The words ‘purported to be done’ are of wide amplitude. In Biman Chandra v. Governor, West Bengal [AIR 1952 Calcutta 799] it was held that Article 361 affords immunity in respect of its exercise and performance of the power and duties of the office and any act done or purported to be done by him in exercise and performance of those powers and duties.
In G.D.Karkare v. T.L.Shevde [AIR 1952 Nagpur 330] construing the expression ‘purporting to be done’ it was held that any act, though not done in pursuance of the Constitution, may nevertheless be accorded this protection if the act professes or purports to be done in pursuance of the Constitution. It was further explained that though the Governor is not amenable to the process of the Court but it cannot be said that the High Court cannot examine his action and grant relief in the absence of authority making the decision.
In State v. Kawas Manekshaw Nanavati [AIR 1960 Bombay 502] full Bench of the High Court held that Article 361 only gives personal protection to the Governor. It is not necessary that the Governor should be a party to the proceeding. Validity of actions can be considered and decided in the absence of the Governor.
In The State of West Bengal and Ors. v. Sallendra Nath Bose [AIR 1964 Calcutta 184] it was held that a citizen is not without redress even though he cannot implead the Governor as a party but can be given relief.
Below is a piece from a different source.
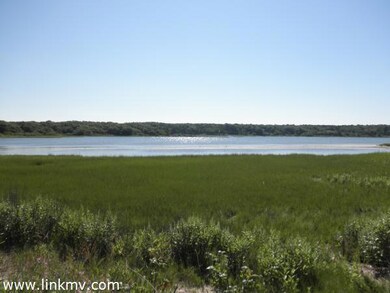 Beautiful Views Down Lake Tashmoo Beach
The position in law, therefore, is that the Governor enjoys complete immunity. Governor is not answerable to any Court for the exercise and performance of the powers and duties of his office or for any act done or purporting to be done by him in the exercise and performance of those powers and duties. The immunity granted by Article 361(1) does not, however, take away the power of the Court to examine the validity of the action including on the ground of malafides.
In view of the above, while holding the impugned Proclamation dated 23rd May, 2005 unconstitutional, we have moulded the relief and declined to grant status quo ante and consequentially permitted the completion of ongoing election process.
All petitions are disposed of accordingly.